# Drummer- /Schlagzeugprogramm



## michael-90 (19. Mai 2007)

Hab bei Google nix gefunden außer veraltete Links, vll. wisst ihr ja was:

Ich suche ein Drummerprogamm für den PC, wo man also auf der Tastatur Schlagzeug spielen kann, beispielsweise: Leertaste Bassdrum, STRG Snare , ALT HiHat geschlossen oder so! Kennt ihr sowas?

Hab eig. eh eines gefunden, und zwar Keyboard Midi-Drums, hört sich von der Beschreibung her ziemlich gut an, nur leider gibt es den Download-Server nicht mehr der bei der Beschreibung dabeisteht!

Hoffe auf eure Hilfe


----------



## Herbboy (19. Mai 2007)

michael-90 am 19.05.2007 19:44 schrieb:
			
		

> Hab bei Google nix gefunden außer veraltete Links, vll. wisst ihr ja was:
> 
> Ich suche ein Drummerprogamm für den PC, wo man also auf der Tastatur Schlagzeug spielen kann, beispielsweise: Leertaste Bassdrum, STRG Snare , ALT HiHat geschlossen oder so! Kennt ihr sowas?
> 
> ...




such aml unter dem stichwort "sampler", denn dass man auf diverse "töne" dann jeweils einen sound legt macht man mit samplern. aber ob du da auch was findest, das sich per tastatur bedienen läßt...? wenn man "midi" und "keyboard" erwähnt, dann meint man meistens mit "keyboard" ein echtes keyboard, nicht nur ne PC-tastatur.


----------



## TheNightShadow (20. Mai 2007)

Herbboy am 19.05.2007 20:22 schrieb:
			
		

> michael-90 am 19.05.2007 19:44 schrieb:
> 
> 
> 
> ...


So wie ich es verstehe sucht er ein Programm für die Tastatur. Gefunden hat er aber ein Programm für Keyboard=Keyboard!=Tastatur.


----------



## michael-90 (20. Mai 2007)

TheNightShadow am 20.05.2007 18:47 schrieb:
			
		

> Herbboy am 19.05.2007 20:22 schrieb:
> 
> 
> 
> ...



Ich meinte *kein* Keyboard, sondern eine echte handelsübliche Tastatur für den PC!


----------



## Zubunapy (20. Mai 2007)

michael-90 am 20.05.2007 19:43 schrieb:
			
		

> TheNightShadow am 20.05.2007 18:47 schrieb:
> 
> 
> 
> ...


Wie dein Vorredner schon sagte: Keyboard ist englisch und bedeutet Tastatur.


----------



## Herbboy (20. Mai 2007)

ich weiß, das keyboard auch = tastatur sein und dass er was für seine tastatur sucht, ich wollte nur klarmachen, dass man bei der suche aufpassen musst, ob in der beschreibung der software mit "keyboard" ne tastatur gemeint ist oder ein keyboard[das musikinstrument]... das ist alles...  

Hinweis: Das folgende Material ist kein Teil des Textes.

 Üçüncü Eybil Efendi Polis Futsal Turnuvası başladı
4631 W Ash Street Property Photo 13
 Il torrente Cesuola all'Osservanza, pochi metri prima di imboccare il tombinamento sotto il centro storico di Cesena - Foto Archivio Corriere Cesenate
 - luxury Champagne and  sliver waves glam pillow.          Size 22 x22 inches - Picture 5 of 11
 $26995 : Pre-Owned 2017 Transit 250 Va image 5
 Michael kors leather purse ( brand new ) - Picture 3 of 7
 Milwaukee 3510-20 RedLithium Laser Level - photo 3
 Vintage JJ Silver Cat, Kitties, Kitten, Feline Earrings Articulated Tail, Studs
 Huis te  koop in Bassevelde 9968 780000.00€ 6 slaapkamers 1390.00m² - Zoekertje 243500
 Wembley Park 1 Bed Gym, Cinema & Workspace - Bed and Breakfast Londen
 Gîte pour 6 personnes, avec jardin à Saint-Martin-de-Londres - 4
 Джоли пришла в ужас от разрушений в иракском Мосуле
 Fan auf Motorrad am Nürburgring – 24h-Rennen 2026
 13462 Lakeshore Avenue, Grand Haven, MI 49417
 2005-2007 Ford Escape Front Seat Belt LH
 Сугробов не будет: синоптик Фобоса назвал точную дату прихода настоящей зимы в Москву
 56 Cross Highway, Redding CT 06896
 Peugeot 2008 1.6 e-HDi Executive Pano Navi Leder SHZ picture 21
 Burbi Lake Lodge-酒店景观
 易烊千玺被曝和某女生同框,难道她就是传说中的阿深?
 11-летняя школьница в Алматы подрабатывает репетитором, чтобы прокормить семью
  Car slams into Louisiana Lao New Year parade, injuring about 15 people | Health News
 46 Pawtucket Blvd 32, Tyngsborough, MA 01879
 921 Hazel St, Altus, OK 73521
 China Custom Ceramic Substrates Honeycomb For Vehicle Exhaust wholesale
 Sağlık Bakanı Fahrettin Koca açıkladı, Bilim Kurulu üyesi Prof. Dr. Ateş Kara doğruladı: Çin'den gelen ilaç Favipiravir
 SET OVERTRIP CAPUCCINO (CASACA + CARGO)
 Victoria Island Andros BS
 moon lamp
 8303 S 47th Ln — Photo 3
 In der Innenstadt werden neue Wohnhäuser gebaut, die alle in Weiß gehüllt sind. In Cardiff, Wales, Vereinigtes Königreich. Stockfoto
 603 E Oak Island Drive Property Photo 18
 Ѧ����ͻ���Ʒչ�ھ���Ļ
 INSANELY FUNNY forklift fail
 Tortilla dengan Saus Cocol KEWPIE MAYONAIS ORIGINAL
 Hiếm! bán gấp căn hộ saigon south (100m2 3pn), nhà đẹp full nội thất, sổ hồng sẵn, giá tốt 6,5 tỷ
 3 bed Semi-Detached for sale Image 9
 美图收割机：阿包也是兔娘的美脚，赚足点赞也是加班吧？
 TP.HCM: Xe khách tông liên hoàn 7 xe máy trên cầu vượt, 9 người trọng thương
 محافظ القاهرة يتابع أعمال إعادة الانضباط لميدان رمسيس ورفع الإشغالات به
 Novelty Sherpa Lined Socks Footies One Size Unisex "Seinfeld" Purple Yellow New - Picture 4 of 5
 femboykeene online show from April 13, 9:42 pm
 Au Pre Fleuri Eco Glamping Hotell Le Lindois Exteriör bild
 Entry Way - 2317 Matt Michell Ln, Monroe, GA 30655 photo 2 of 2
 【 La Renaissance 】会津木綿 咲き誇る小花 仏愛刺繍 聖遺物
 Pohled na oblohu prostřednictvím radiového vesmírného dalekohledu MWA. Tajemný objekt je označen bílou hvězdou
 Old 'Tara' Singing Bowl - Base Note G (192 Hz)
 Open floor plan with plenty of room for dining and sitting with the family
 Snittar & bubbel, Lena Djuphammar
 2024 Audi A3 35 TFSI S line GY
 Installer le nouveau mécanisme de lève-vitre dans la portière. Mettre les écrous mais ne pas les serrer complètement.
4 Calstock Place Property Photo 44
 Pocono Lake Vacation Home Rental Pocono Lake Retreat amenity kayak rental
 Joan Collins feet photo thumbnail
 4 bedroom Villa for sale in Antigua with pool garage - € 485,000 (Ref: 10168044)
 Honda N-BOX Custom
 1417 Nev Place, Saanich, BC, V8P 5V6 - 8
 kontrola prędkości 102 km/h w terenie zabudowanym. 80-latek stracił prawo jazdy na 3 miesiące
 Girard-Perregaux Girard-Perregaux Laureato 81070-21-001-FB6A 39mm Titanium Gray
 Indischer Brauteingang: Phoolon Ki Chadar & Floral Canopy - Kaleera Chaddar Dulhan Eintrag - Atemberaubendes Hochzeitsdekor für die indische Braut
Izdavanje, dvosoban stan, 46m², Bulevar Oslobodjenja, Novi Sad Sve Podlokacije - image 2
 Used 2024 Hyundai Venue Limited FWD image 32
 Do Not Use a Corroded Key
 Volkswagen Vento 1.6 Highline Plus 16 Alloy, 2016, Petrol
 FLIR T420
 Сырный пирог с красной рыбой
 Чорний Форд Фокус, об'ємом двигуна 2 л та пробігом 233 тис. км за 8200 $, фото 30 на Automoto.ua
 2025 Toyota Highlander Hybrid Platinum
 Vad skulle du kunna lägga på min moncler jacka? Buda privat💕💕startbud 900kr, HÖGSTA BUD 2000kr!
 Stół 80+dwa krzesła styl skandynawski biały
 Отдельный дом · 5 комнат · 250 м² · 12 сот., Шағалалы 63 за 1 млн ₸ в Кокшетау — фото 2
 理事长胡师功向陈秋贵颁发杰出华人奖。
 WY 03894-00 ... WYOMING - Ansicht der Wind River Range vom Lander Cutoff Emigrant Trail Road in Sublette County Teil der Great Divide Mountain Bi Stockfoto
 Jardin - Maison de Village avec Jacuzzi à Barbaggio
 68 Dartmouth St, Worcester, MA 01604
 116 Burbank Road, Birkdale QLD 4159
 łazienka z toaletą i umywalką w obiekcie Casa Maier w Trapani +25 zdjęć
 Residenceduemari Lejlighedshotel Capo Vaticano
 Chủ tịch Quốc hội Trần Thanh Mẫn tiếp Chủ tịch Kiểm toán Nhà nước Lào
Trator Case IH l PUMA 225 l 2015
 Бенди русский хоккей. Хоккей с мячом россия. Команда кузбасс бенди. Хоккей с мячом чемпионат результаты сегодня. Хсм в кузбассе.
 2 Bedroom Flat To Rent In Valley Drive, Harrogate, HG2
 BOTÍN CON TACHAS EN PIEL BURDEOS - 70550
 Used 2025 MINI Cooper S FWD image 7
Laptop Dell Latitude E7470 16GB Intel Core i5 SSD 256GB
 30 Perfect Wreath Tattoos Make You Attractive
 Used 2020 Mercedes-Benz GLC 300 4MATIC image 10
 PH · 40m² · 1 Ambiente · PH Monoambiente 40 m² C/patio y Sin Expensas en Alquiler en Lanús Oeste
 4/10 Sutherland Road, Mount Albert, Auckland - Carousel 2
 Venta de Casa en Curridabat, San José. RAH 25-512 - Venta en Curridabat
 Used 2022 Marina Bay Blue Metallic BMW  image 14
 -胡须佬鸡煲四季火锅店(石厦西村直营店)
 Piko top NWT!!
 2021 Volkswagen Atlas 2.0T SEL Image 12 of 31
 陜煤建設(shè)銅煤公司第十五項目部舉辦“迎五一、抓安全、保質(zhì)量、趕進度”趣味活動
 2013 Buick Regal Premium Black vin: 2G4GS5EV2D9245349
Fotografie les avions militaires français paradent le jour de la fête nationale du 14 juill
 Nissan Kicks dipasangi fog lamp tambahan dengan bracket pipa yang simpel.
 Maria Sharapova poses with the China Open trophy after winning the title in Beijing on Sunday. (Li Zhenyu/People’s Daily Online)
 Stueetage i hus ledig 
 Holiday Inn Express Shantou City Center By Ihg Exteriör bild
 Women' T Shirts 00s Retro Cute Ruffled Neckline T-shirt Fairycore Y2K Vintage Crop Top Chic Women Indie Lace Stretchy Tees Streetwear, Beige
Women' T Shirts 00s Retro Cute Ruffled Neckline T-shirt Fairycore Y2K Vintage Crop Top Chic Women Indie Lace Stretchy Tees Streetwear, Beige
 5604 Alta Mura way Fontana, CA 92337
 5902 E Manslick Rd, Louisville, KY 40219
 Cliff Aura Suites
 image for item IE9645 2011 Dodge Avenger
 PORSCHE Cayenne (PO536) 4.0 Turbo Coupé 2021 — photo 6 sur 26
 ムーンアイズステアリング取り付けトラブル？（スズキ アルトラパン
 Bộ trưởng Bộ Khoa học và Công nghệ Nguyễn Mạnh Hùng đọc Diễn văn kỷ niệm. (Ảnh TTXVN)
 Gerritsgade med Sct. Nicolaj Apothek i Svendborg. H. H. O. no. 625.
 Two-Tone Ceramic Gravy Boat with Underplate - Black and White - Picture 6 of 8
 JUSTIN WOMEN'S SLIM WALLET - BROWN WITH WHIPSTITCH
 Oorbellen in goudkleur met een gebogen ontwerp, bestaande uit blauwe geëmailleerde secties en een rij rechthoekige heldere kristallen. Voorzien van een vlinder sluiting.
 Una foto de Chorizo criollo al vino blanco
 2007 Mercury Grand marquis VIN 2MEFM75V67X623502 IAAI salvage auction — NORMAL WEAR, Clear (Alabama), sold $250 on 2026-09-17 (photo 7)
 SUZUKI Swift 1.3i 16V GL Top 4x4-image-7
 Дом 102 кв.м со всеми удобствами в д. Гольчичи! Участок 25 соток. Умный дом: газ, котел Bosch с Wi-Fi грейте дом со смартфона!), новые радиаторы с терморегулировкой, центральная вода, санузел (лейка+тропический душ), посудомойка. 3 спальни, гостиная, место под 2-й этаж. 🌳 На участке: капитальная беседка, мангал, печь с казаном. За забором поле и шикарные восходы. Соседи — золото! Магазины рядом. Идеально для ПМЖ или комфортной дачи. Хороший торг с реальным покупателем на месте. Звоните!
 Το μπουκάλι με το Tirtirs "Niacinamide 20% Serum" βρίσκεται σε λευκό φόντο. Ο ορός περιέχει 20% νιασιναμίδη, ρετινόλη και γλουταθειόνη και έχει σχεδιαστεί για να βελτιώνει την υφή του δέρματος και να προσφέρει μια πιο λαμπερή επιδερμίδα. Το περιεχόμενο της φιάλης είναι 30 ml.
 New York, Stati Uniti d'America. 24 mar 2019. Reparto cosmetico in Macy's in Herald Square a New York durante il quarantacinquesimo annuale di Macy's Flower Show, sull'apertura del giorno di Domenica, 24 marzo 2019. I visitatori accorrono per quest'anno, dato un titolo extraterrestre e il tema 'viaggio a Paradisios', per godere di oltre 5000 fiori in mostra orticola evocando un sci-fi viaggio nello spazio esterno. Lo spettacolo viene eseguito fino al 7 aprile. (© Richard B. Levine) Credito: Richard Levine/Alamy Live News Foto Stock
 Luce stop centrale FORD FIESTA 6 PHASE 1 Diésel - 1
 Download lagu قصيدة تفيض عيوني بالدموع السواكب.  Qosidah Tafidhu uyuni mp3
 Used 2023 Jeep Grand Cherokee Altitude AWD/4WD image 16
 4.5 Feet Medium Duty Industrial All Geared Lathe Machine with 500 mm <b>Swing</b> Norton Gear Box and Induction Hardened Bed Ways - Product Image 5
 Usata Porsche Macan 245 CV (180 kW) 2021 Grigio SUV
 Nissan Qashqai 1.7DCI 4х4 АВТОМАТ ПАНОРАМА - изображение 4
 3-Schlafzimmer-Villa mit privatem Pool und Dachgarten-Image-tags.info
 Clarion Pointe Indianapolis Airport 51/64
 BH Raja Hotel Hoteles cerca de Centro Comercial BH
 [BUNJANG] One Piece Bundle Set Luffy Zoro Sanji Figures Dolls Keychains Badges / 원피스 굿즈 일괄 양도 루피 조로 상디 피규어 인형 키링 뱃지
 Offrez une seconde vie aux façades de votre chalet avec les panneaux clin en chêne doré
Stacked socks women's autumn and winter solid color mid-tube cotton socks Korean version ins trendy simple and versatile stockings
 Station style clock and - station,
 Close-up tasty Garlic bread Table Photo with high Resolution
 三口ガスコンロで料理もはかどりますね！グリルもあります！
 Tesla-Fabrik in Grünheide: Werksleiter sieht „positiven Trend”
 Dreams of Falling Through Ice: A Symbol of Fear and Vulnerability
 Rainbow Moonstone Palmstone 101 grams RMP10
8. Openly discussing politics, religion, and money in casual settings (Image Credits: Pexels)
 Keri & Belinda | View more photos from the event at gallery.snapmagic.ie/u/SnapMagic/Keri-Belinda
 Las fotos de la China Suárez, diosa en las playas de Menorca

und auch software für PC nenne sich dann "sampler", halt ein virtueller sampler.


----------



## michael-90 (20. Mai 2007)

Herbboy am 20.05.2007 20:47 schrieb:
			
		

> ich weiß, das keyboard auch = tastatur sein und dass er was für seine tastatur sucht, ich wollte nur klarmachen, dass man bei der suche aufpassen musst, ob in der beschreibung der software mit "keyboard" ne tastatur gemeint ist oder ein keyboard[das musikinstrument]... das ist alles...
> 
> und auch software für PC nenne sich dann "sampler", halt ein virtueller sampler.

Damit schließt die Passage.